_YOUR TASK:_ Everything from the line containing "4001 Maple Manor" down to the last line below should be set down exactly, and only that, without the pictures.

_SUPPLIED ENTRIES:_
______________________________

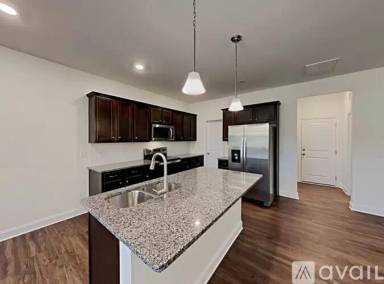 Main picture of 3472 Spotted Sandpiper St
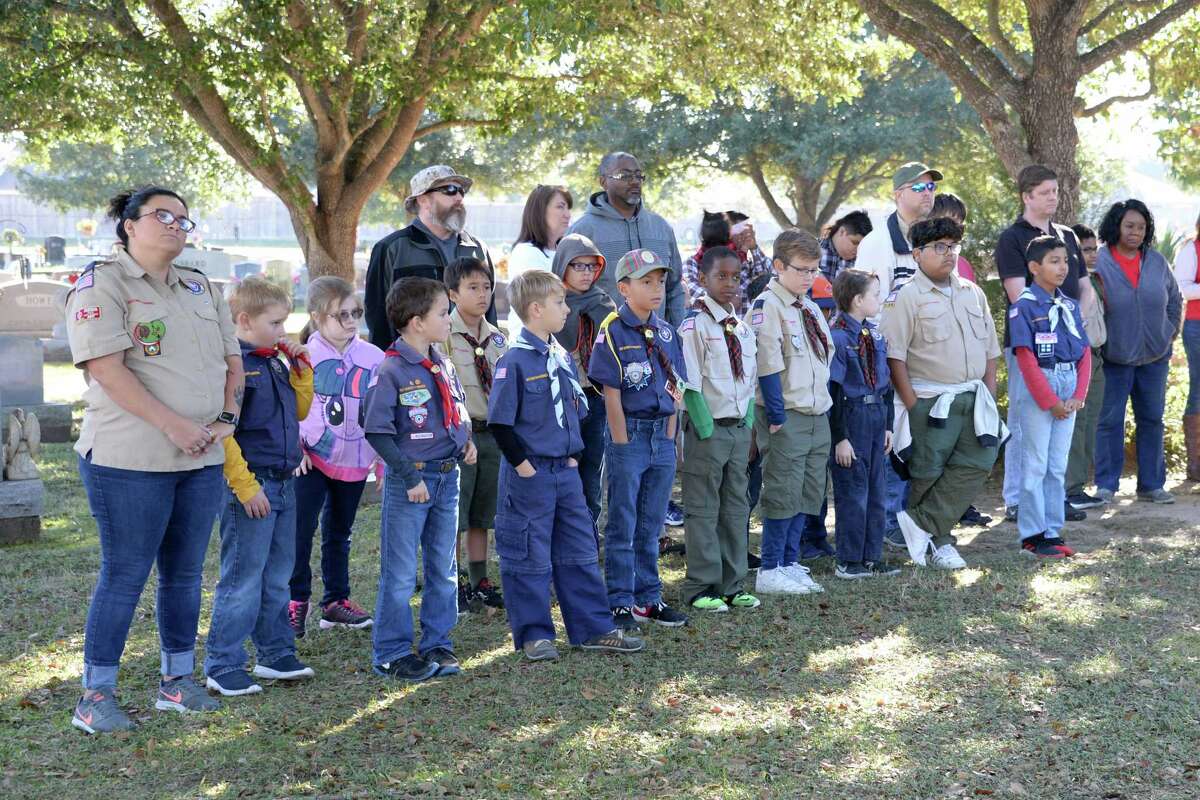 Annual Wreaths Across America salutes Katy veterans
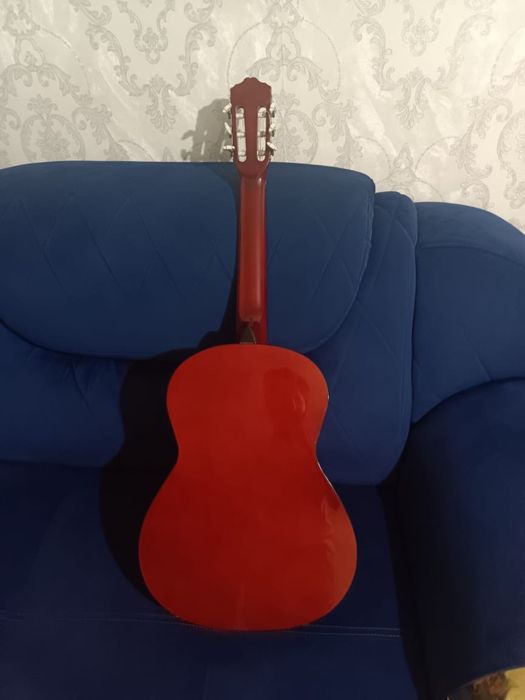 Продам гитару  в хорошем состаянии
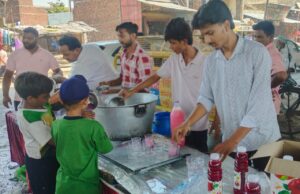 निर्जला एकादशी पर छबील लगाकर राहगीरों को पिलाया गया शरबत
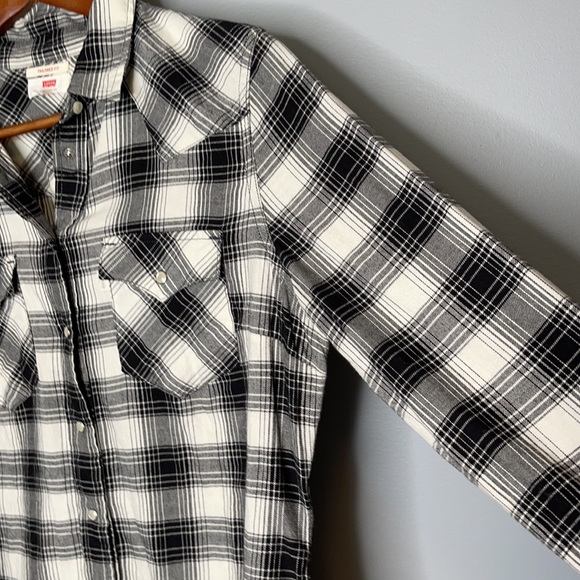 Levi’s black & white pearl snap “Tailored Fit” flannel long sleeve shirt Size M - Picture 6 of 13
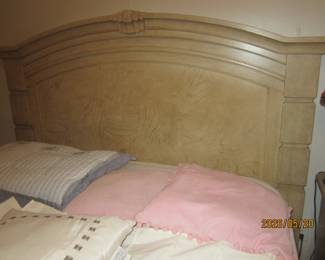 Queen size Bed Complete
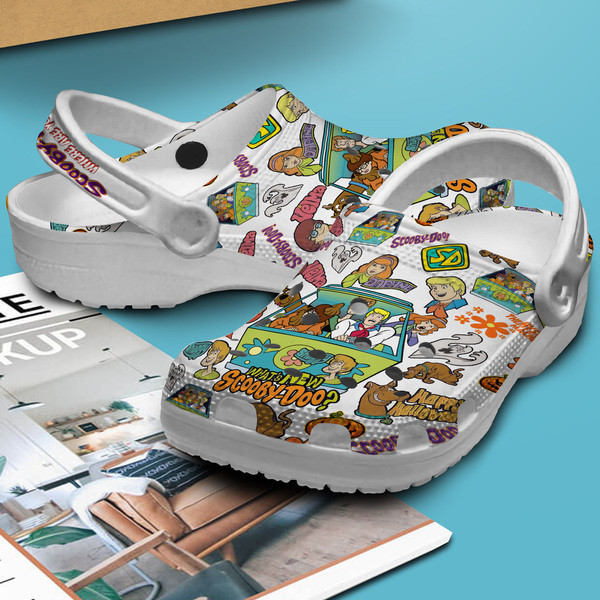 nice design of scooby doo cartoon unisex clogs buy more save more! xxuxu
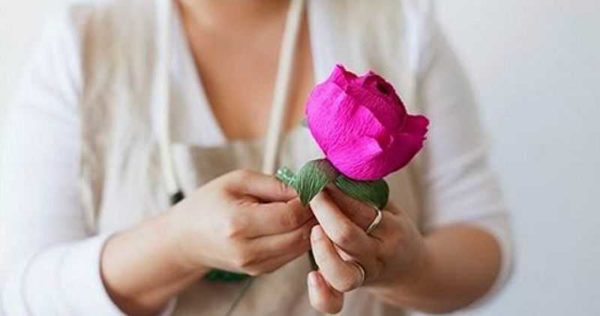 Do-it-yourself corrugated paper flowers: master classes, photos, videos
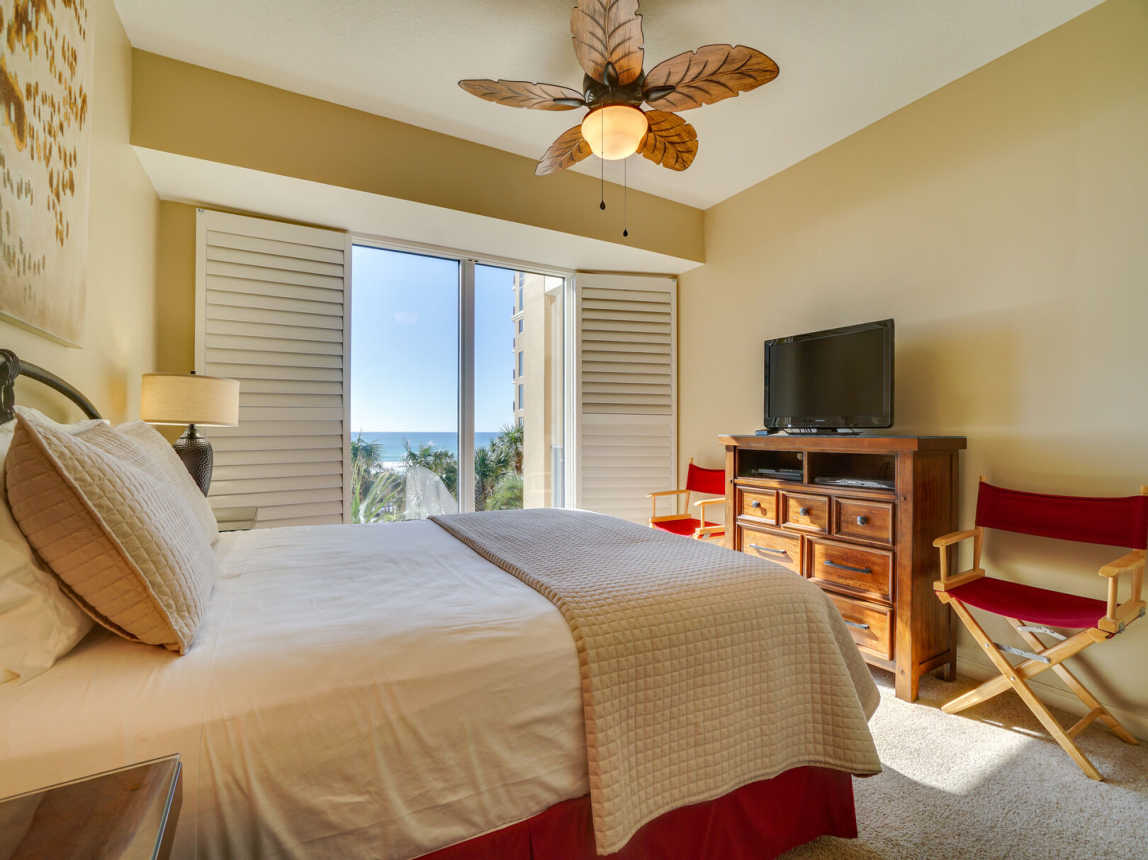 Guest room has dresser and TV stand with flat screen, cable and WIFI.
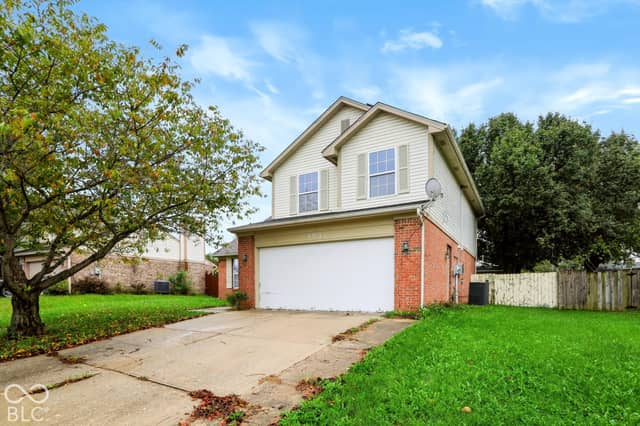 4001 Maple Manor Drive, Indianapolis, IN 46237, photo 3 of 43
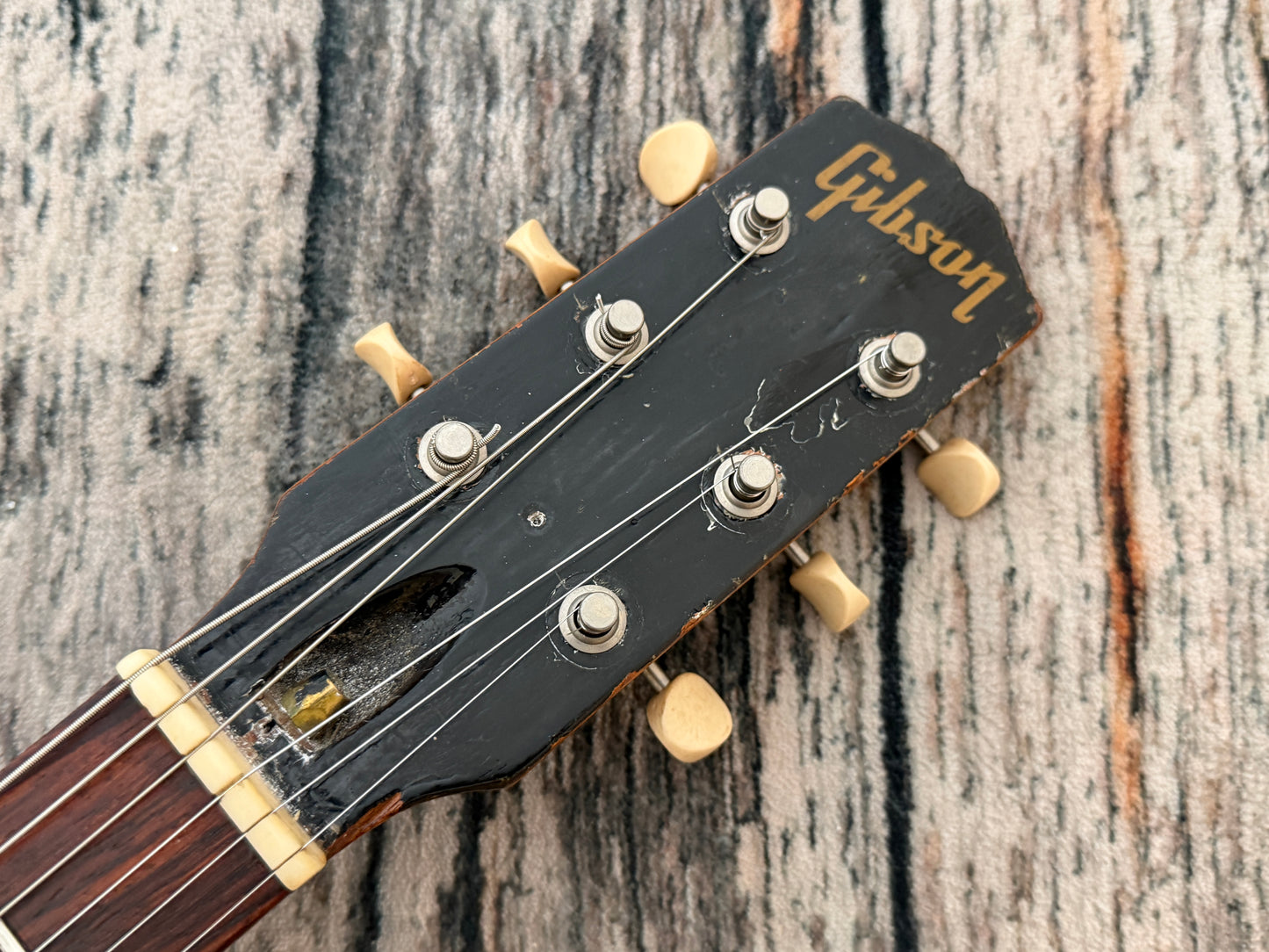 Gibson Melody Maker D "SG" 1967 - restoration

______________________________

_ANSWER TO THIS TASK:_
 4001 Maple Manor Drive, Indianapolis, IN 46237, photo 3 of 43
 Gibson Melody Maker D "SG" 1967 - restoration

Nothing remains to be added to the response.